Task instructions:
Only the text belongs in the copy. Transcribe the data exactly and drop any pictures.

Data shown:

********************

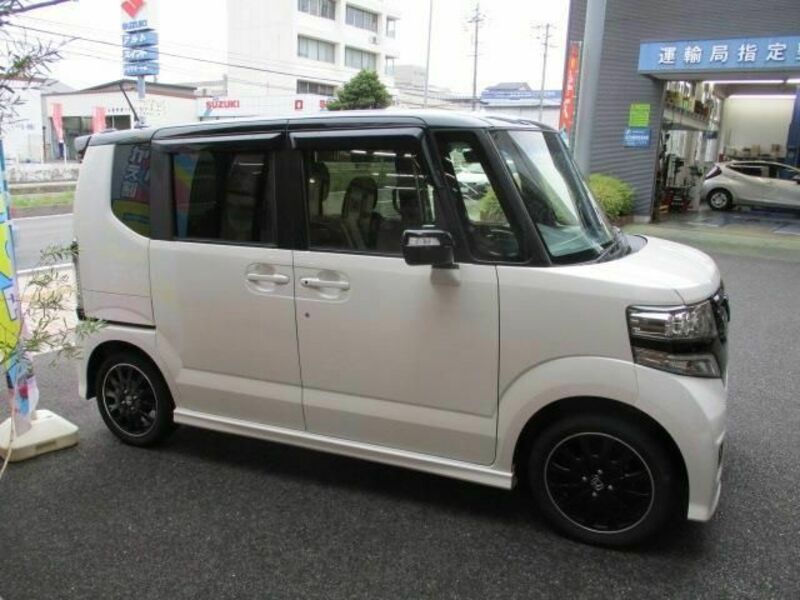 N BOX CUSTOM-15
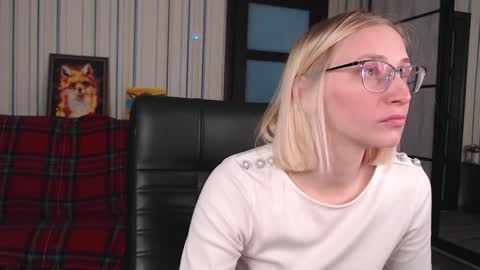 Snapshot of vikaericka chatting on 23, 3, 2026 Vika online show from 23, 3, 2026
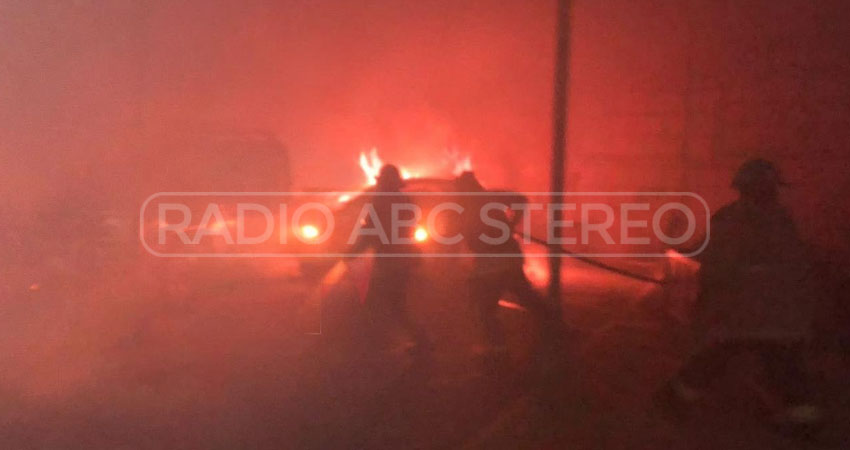 El incendio se reportó por la madrugada. Foto: Cortesía/Radio ABC Stereo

********************

Expected output:
 N BOX CUSTOM-15
 Snapshot of vikaericka chatting on 23, 3, 2026 Vika online show from 23, 3, 2026
 El incendio se reportó por la madrugada. Foto: Cortesía/Radio ABC Stereo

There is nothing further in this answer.